Monday, 24 November 2008

Tax Laws Amendment (2008 Measures No. 5) Bill 2008

Second Reading

12:44 pm

Photo of David BradburyDavid Bradbury (Lindsay, Australian Labor Party) Share this | Hansard source

I rise in support of the Tax Laws Amendment (2008 Measures No. 5) Bill 2008. I wish to comment on the schedules contained therein and, in particular, I would like to focus my comments on schedules 4 and 5, which relate to the fringe benefits tax amendments in respect of jointly held assets and the amendments in relation to managed investment trusts.
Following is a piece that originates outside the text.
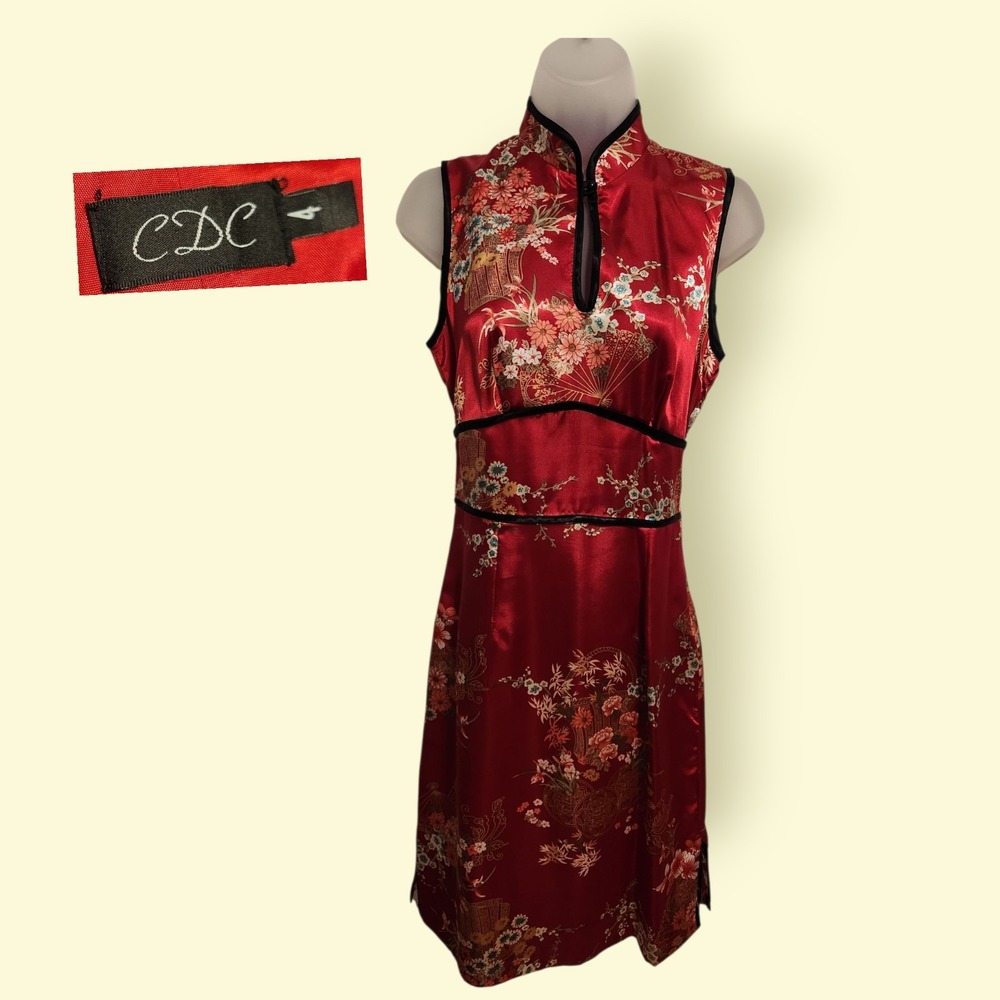 VTG 90s Y2K Red Satin Chinese Cheongsam Qipao Dress CDC Size 4 Floral Print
It is worth acknowledging that the first schedule to the bill is largely an integrity measure and addresses one of the shortcomings of the current operation of the goods and services tax law. In particular, it deals with the margin scheme, a very important component of the GST law that recognises the need to tax only incremental gains in relation to real property rather than imposing the added tax burden of a tax on the entire property at each stage of the disposal process along what is inevitably a chain of disposals. The schedule deals with the interaction between the margin scheme and the GST-free provisions in relation to the sale of a business as a going concern and also GST-free sales of farmland. It also involves the interaction of the provisions dealing with suppliers between associated entities.
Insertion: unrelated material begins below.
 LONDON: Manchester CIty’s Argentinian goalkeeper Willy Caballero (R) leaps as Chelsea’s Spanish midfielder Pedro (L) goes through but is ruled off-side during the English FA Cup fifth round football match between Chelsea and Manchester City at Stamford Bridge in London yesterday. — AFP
The way in which the law has operated has given rise to a situation where some taxpayers have been able to not realise a GST liability throughout the process of the development of land. Largely, that has occurred by allowing an increase in the value of the land to occur but not to be brought to account in GST terms as a result of using these GST provisions in relation to the sale of a going concern or the GST-free sale of farmland. This measure will ensure that for taxpayers in like situations, regardless of whether or not they seek to take advantage of a going concern in farmland provisions or alternatively the associated entities provisions, like treatment will be attributed as would normally be the case for any other taxpayer utilising the margin scheme. It is a measure that will yield some revenue for the government, but it is a measure that is largely one of equity and integrity to make sure that like taxpayers are treated equally.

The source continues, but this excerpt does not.